> [To do]: Print exactly and only the lines that run from the one containing "vidaXL Psí pelech" through the end of the material, please, omitting pictures.

Top of Data

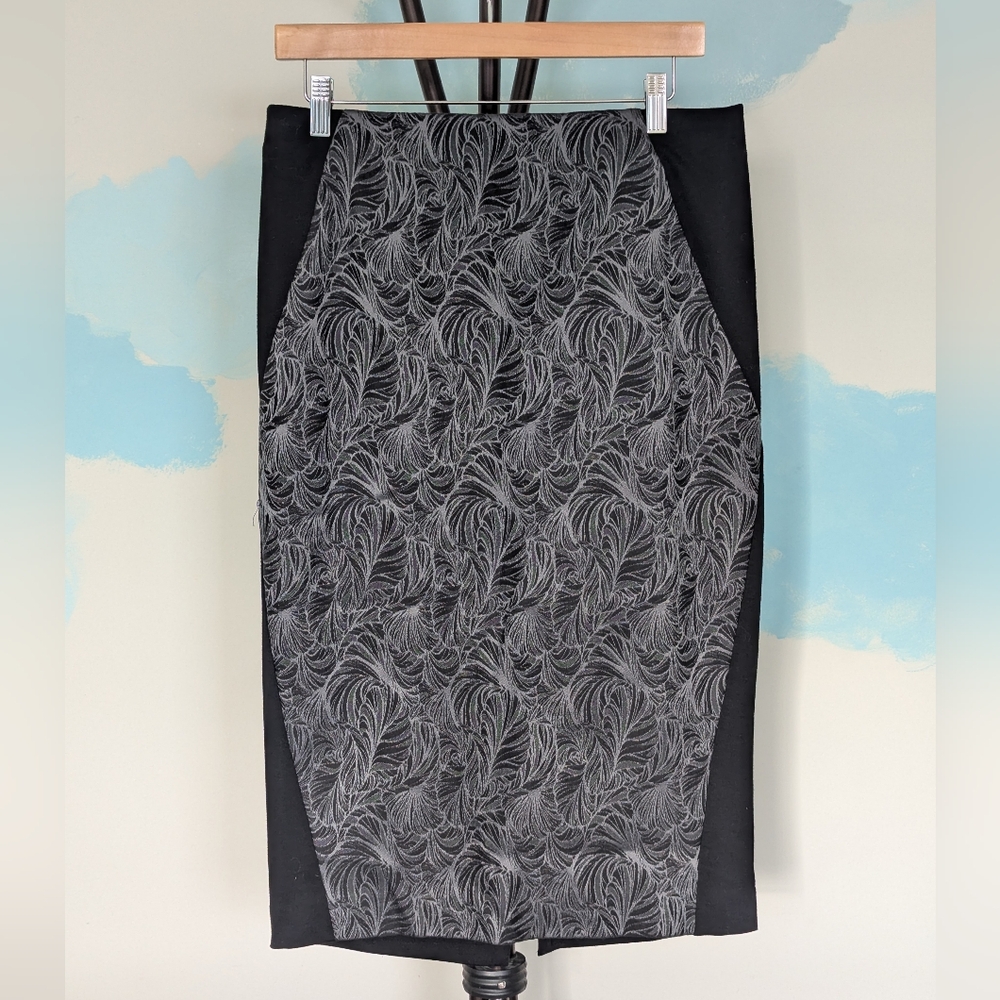 Lane Bryant black and green midi skirt -size 14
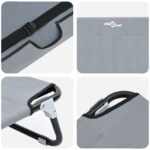 vidaXL Psí pelech Skladací Svetlosivý – Obrázok 7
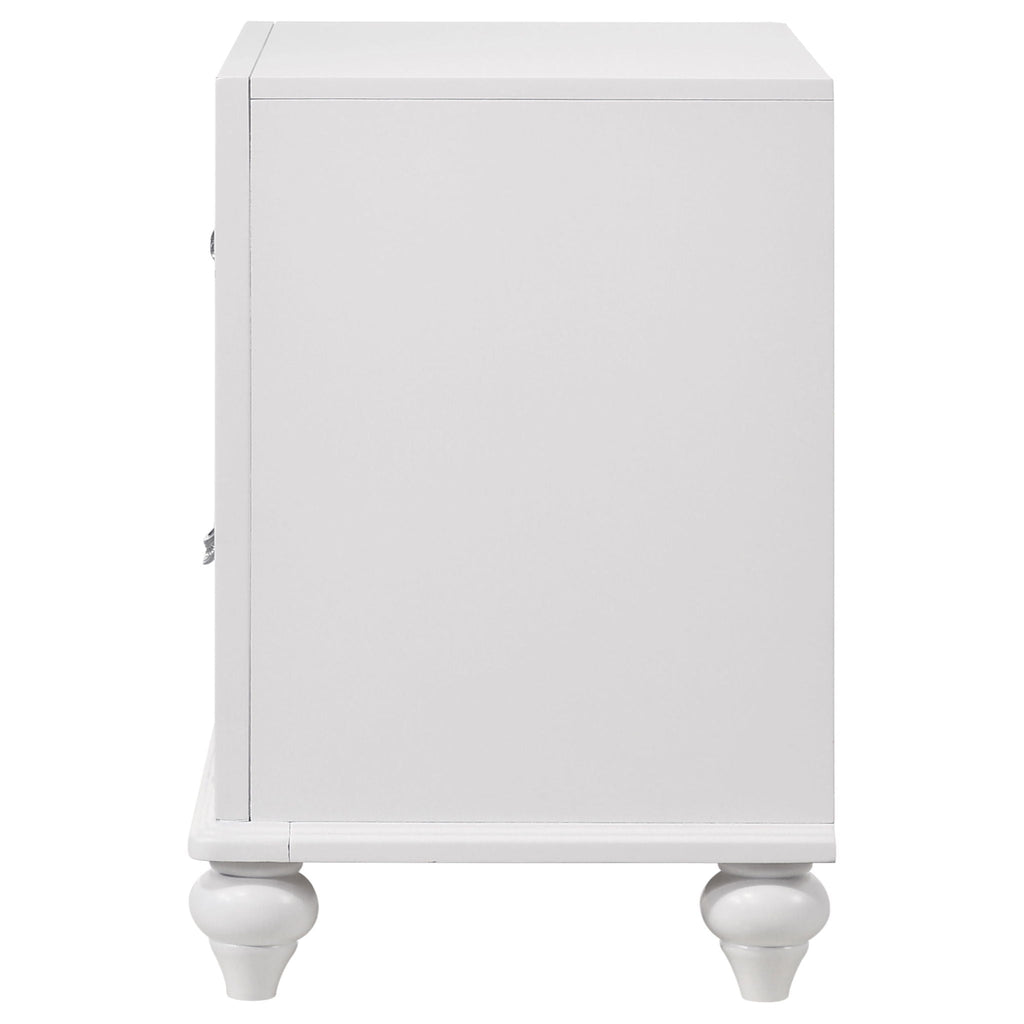 Barzini 2-drawer Nightstand White by Unique Piece Furniture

Bottom of Data

> [Task answer]:
 vidaXL Psí pelech Skladací Svetlosivý – Obrázok 7
 Barzini 2-drawer Nightstand White by Unique Piece Furniture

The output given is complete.